Hintergrund der Schnappatmung von „Bild“ und anderen Mainstream-Medien ist, dass sich im April, wie erst jetzt bekannt wurde, deutsche und russische Vertreter des offiziell eingestellten „Petersburger Dialogs“ im aserbaidschanischen Baku getroffen hatten. Mit dabei war der SPD-Bundestagsabgeordnete Ralf Stegner, der dem Geheimdienst-Kontrollgremium des Parlaments angehört. Kein Sympathiebolzen unbedingt, aber unbestreitbar einer der wenigen in der SPD, die noch etwas von Außenpolitik verstehen.

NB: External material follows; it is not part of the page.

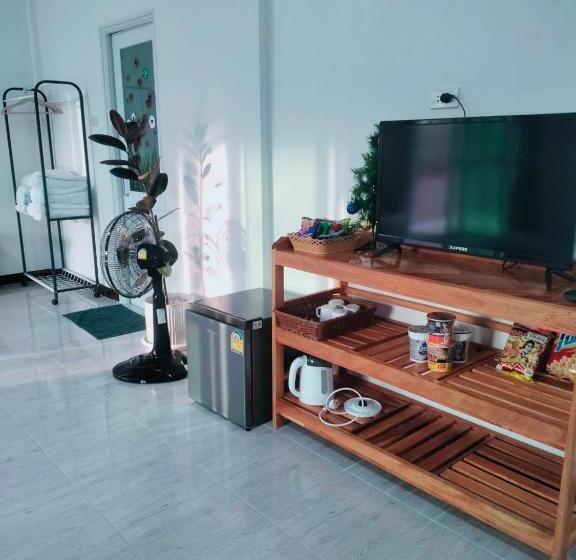 Pensão Baan Namthip Homestay Trang บ้านน้าทิพย์ โฮมสเตย์ตรัง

Thema der laut Tagesschau „konspirativen Zusammenkunft“ in Baku war u.a. die Zukunft des „Petersburger Dialogs“ – jenes Gesprächsforums, das die Duzfreunde Gerhard Schröder und Wladimir Putin 2001 ins Leben gerufen hatten. Man wollte damals Deutsche und Russen einander näherbringen – und natürlich auch Geschäfte zum beiderseitigen Vorteil machen.

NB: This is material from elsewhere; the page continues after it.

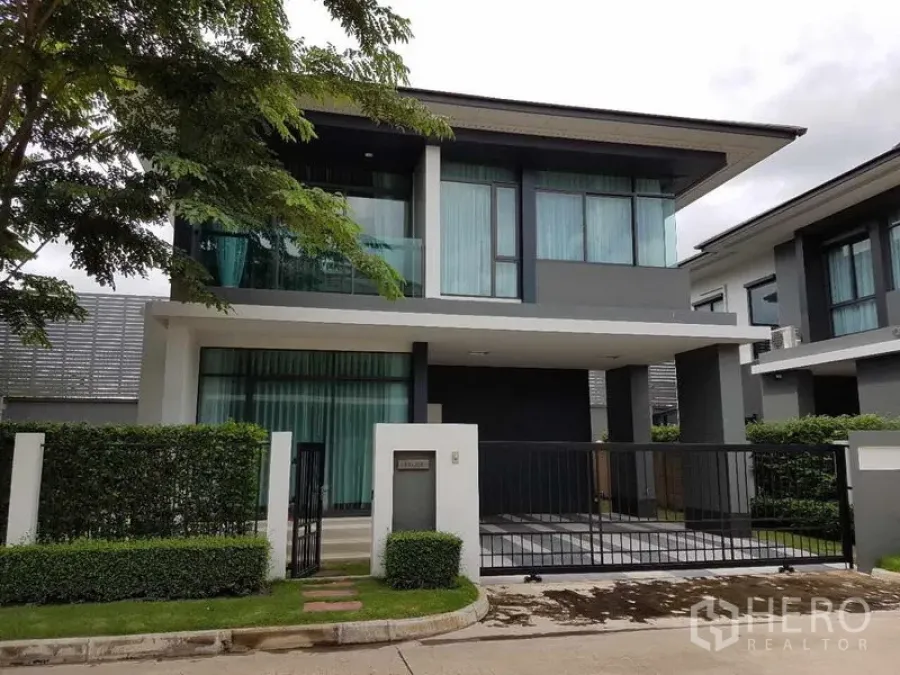Detached House for rent in Bang Kapi, Bangkok - Modern two-storey detached house facade with balcony and gated driveway in Bang Kapi.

Wenig überraschend bekundete der oberste CDU-Kriegstreiber Roderich Kiesewetter nach Bekanntwerden des angeblichen „Geheimtreffens“ in Baku sein Missfallen. Sein neuerdings Koalitionspartner Stegner sei ein zu kritisierender „Putin-Versteher“.

Auch das ARD-Magazin Kontraste und die linksgrüne ZEIT nahmen gemeinsam Anstoß an der Begegnung. „Deutsche Politiker und Kreml-Vertreter“ echauffierten sich die Öffentlich-Rechtlichen. „Geheimtreffen in Baku: Unter den Augen des Kreml“ dichtete die ZEIT hinter ihrer Bezahlschranke.

Dass sich mehrere deutsche Politiker – außer Stegner unter anderm Merkels früherer Kanzleramtschef Ronald Pofalla (CDU) sowie der ehemalige Brandenburger SPD-Ministerpräsident Matthias Platzeck – mit Vertretern Moskaus getroffen hätten, meinte auch der Berliner Tagesspiegel zu einem Skandal hochschreiben zu müssen. Zitiert wurde in dem Artikel CDU-Kriegstreiber Kiesewetter mit der Aussage, Stegner müsse sich nun „einige Fragen gefallen lassen“.

Diplomatie, den Gesprächsfaden nicht ganz abreißen lassen, um vielleicht wieder zu einer zaghaften Annäherung in den nach drei Ampel-Jahren zerrütteten deutsch-russischen Beziehungen zu kommen – das scheint in deutschen Mainstream-Redaktionsstuben tabu zu sein.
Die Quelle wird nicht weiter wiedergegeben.